|This is my friend Chermai doing laundry on our Kapuas Bandong, using water which is pumped up from the Kapuas.|
Whenever we visited the village of my maternal grandmother, we would also meet grandmother's tenant who owned a MANDONG boat, which was a Chinese motor launch doubling as a riverine, mobile, sundry or grocer's shop. That was more than 50 years ago.
The word Mandong in Foochow must have come from the Indonesian word Bandong meaning floating house.
Huo Ang was the name of the uncle who owned the mandong floating shop and his wife and children lived on land, renting a unit from my grandmother. They were treated like close relatives.
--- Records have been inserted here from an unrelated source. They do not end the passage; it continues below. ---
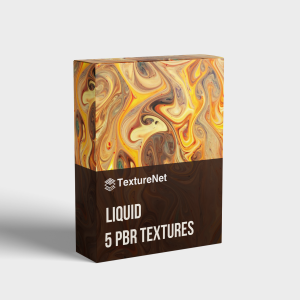 Liquid Textures Pack (5 textures)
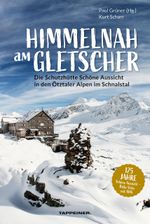 Himmelnah am Gletscher Cover des Buches Himmelnah am Gletscher (ISBN: 9788870739787)
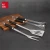 Import Barbecue Alum. Case Stainless Steel Barbecue Grill Accessory Ideal Gift 3 pcs of BBQ tool set from China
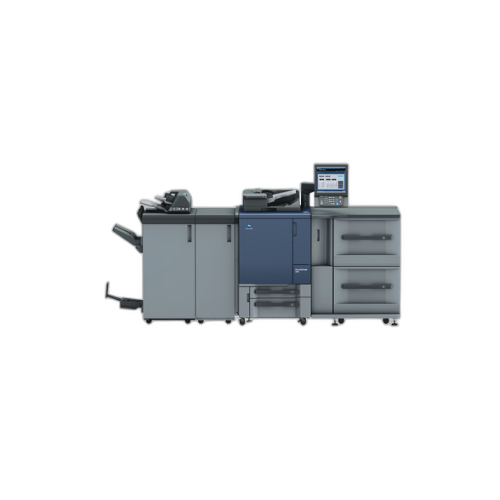 Konica Minolta Konica Minolta AccurioPress C2070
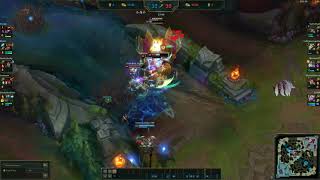 Shyvana And Pyke Are Overpowered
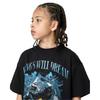 Kings Will Dream Boys Studio - Snake Smile T-Shirt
Whenever Uncle Huo Ang came back, every other evening, we would all go to his boat to buy the last of his ice popsicles or Ais Potong. Grandma supported his business by giving us a few cents to spend. It was lovely to buy things in the small boat.
As the lights faded, Aunty, the wife of Uncle Huo Ang, would wash all his clothes at the back of the boat, drawing water with a pail. She would hang the clothes to dry in the wind. It was all very convenient because in the next few days, Uncle Huo Ang would have freshly washed clothes to wear as he pom pom from one bank of the river to the other, or from one village to another.
I remember he did not have a fridge, but he had a box with ice blocks for fish which he would get from as far away as the river mouth (Rajang). He did not do Daro, Mukah or Dalat as he was not good in languages.
To me it is always a happy time for women to be able to do laundry with lots of water from the river, or from rainwater stored in tanks. I miss washing clothes by the river side.